If the range of the music-making itself also seems circumscribed, it is so first of all because of the Russian instrumental tradition. On the one hand the quality of the string playing is the stuff of legend. It is marked out not just by virtuosity and weight of tone (there was a time when the Leningrad Philharmonic could have supplied front-desk players to virtually every other top-class orchestra in the world) but also by an astonishing unity of expressive purpose. Always the sound is superbly focused, the inflexion unanimous; it may be lean, but it's never thin. Contrast this with the woodwind who often seem to be fighting gamely against insubordinate instruments and recalcitrant reeds, their difficulties surely exacerbated by lack of contact with the West, where orchestral wind playing has gone from strength to strength.
The second factor is the personality of the man who was the Leningraders' 'permanent director' from 1938 until his death 50 years later. This can already be guessed at from the demonic intensity of his most famous recordings, and it is confirmed by first-hand reports. ''A dreadful tyrant'' is the verdict of Lev Markiz, founder-conductor of the Moscow Soloists—''the whole orchestra began to tune their instruments an hour before the rehearsal was due to start, and 30 minutes later they sat there with instruments tuned, ready to begin''. Those were the days.
At its best the combination is uniquely potent—a controlled conflagration which almost scorches the ear, a sense of communicative intensity not as an optional extra, or even as something to be striven for, but as a constant presence, only waiting to be channelled in the right direction.

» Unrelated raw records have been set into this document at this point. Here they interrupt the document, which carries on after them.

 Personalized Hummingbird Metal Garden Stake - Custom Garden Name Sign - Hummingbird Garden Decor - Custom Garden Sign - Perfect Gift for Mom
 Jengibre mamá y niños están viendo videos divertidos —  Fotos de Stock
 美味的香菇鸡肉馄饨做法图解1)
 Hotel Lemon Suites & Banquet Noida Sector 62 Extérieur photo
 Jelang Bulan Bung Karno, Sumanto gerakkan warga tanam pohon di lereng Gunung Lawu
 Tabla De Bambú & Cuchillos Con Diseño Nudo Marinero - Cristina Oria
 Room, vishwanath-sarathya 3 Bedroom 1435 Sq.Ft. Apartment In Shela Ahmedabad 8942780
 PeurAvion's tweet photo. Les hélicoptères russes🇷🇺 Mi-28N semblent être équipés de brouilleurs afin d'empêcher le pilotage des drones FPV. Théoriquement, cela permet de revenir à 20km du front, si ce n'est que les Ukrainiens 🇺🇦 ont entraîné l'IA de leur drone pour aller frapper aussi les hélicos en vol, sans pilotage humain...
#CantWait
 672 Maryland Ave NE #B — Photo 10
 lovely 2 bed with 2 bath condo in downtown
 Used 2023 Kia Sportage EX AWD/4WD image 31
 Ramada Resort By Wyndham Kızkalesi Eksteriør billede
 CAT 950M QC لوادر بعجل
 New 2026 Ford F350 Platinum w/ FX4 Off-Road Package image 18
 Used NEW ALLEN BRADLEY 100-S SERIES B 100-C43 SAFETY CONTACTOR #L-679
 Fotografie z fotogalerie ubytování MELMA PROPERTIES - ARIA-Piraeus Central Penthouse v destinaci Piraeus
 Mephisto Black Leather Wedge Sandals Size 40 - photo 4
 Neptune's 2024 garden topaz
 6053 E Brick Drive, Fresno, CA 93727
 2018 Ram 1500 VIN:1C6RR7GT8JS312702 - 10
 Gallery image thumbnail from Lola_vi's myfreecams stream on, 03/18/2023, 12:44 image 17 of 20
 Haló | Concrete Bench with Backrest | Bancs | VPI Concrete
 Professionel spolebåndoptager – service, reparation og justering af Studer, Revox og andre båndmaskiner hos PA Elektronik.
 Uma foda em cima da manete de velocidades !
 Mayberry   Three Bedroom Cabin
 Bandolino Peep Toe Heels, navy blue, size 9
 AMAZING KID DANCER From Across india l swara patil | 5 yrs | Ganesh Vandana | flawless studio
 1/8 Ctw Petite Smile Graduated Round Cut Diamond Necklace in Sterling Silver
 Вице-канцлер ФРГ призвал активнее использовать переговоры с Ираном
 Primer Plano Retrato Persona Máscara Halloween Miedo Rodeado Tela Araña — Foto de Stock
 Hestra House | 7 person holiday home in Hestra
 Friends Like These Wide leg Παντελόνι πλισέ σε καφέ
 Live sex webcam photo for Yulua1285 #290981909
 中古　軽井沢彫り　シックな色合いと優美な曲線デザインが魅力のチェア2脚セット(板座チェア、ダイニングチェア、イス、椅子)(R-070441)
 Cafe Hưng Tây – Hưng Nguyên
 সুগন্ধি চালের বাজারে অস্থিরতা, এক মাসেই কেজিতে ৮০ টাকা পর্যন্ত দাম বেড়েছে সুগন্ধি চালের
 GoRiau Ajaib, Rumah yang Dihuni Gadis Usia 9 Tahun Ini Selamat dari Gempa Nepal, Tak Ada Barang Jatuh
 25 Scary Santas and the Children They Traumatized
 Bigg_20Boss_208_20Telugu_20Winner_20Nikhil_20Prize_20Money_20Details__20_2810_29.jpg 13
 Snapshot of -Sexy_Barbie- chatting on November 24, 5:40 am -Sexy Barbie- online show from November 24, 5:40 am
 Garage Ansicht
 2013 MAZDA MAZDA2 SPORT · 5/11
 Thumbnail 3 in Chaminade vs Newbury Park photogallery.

All that is clear enough from the recordings already available, and even those made in Mravinsky's eighties retain an Ancient Mariner-like, spellbinding quality. Unfortunately Erato's rehearsal disc, only available as part of the complete set of 12, is no such thing—three or four comments on timing and articulation at the beginning of the Tannhauser Overture are followed by a complete run-through of that and the Meistersinger Prelude (both splendid performances) and topped off by a brief personal reminiscence of little apparent relevance. Fortunately the other discs are available separately, though some are of considerably more interest than others.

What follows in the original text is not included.